The FCIV utility has the following features:

  • Supports MD5 or SHA1 hash algorithms (The default is MD5.)
  • Can output hash values to the console or store the hash value and file name in an XML file
  • Can recursively generate hash values for all files in a directory and in all subdirectories (for example, fciv.exe c:\ -r)
  • Supplies an exception list to specify files or directories to hash
  • Can store hash values for a file with or without the full path of the file

Installation

To obtain the FCIV utility, follow these steps:

  1. In Windows Explorer, create a new folder that is named FCIV.
  2. The following file is available for download from the Microsoft Download Center:Download the File Checksum Integrity Verifier utility package now. (http://download.microsoft.com/download/c/f/4/cf454ae0-a4bb-4123-8333-a1b6737712f7/windows-kb841290-x86-enu.exe)
  3. In the File Download dialog box, click Save, and then save the file to the FCIV folder that you created in step 1.
  4. When the download is completed, click Close.
  5. In the FCIV folder, double-click Windows-KB841290-x86-ENU.exe.
  6. Click Yes to accept the license agreement.
  7. Click Browse, click the FCIV folder, and then click OK.
  8. Click OK to extract the files.
  9. When the file extraction is completed, click OK.
  10. Add the FCIV folder to the system path.
  11. To start a command prompt, click Start, click Run, type cmd in the Open box, and then click OK.
  12. Type fciv.exe /?, and then press ENTER.

Note If FCIV was installed to the C:\FCIV directory, type set path=%path%;c:\fciv to add it to the system path in a command shell.

Usage

Syntax

fciv.exe [Commands] <Options>

Commands

  • -add file | dir: Compute the hash and send it to an output device (default screen). The dir parameter has the following options:
    • -r: Recursive.
    • -type: Specify file type. For example, -type *.exe.
    • -exc file: Do not compute these directories.
    • -wp: Do not store the full path name. (By default, FCIV stores the full path name.)
    • -bp: Remove the base path from the path name of each entry.
  • -list: List entries in the database.
  • -v: Verify hashes. The -v option has the following option:
    • -bp: Remove the base path from the path name of each entry.
  • -?, -h, or -help: Open extended help.

Options

  • -md5, -sha1, or -both: Specify hash type. (By default, MCIV uses -md5.)
  • -xml db: Specify database format and name.Note When you use the -v option to verify a hash, FCIV also sends a return error code to indicate whether a hash is verified. A zero (0) indicates success, and a 1 indicates failure. With the return error code, you can use FCIV in automated scripts to verify hashes.

Example usage

  • To display the MD5 hash of a file, type the following command at a command prompt:
    fciv.exe filename

    Note filename is the name of the file.
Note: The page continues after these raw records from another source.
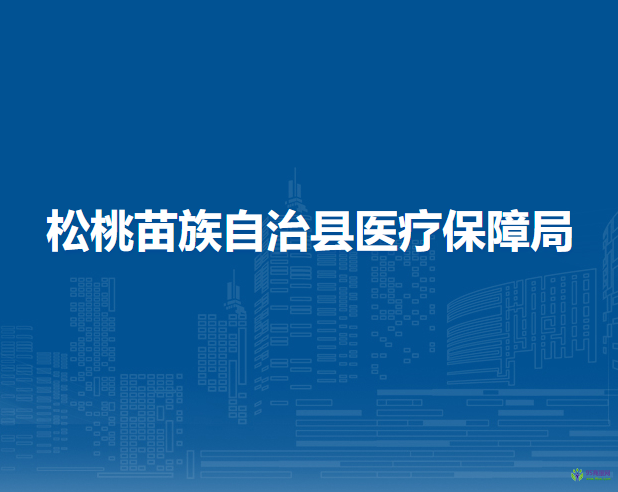 松桃苗族自治縣醫(yī)療保障局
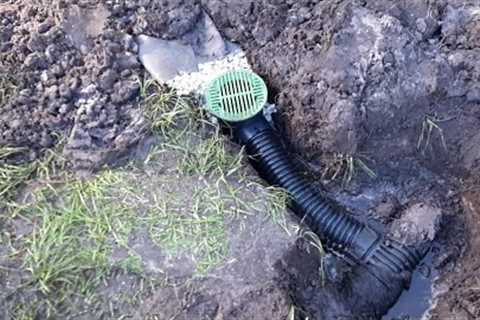 GUARANTEED - Fix SOGGY Wet Yard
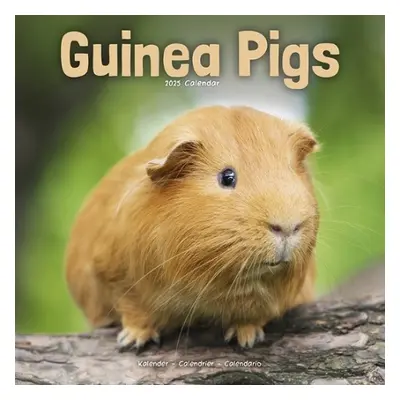 Guinea Pigs Calendar 2025 Square Animal Wall Calendar - 16 Month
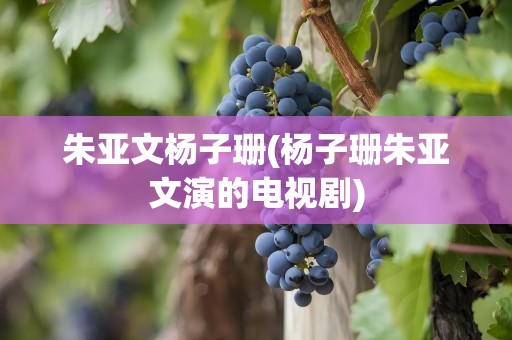 朱亚文杨子珊(杨子珊朱亚文演的电视剧)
  • To compute a hash of a file, type a command line that is similar to any one of the following command lines:
    fciv.exe c:\mydir\myfile.dll

    fciv.exe c:\ -r -exc exceptions.txt -sha1 -xml dbsha.xml

    fciv.exe c:\mydir -type *.exe

    fciv.exe c:\mydir -wp -both -xml db.xml

  • To list the hashes that are stored in a database, type a command line that is similar to the following command line:
    fciv.exe -list -sha1 -xml db.xml
  • To verify a hash in a file, type a command line that is similar to any one of the following command lines:
    fciv.exe -v -sha1 -xml db.xml

    fciv.exe -v -bp c:\mydir -sha1 -xml db.xml

Database storage format

The File Checksum Integrity Verifier (FCIV) utility can store entries in an XML database file. When FCIV is configured to store hash values in an XML database file, the hexadecimal hash values are stored in base64 encoded format. When you view the XML database directly, the base64 encoded representation of the hash value does not visually match the hexadecimal value that the console displays. FCIV decodes the base64 encoded hashes when it displays the contents of the database to the screen. Therefore, it displays the correct hexadecimal value.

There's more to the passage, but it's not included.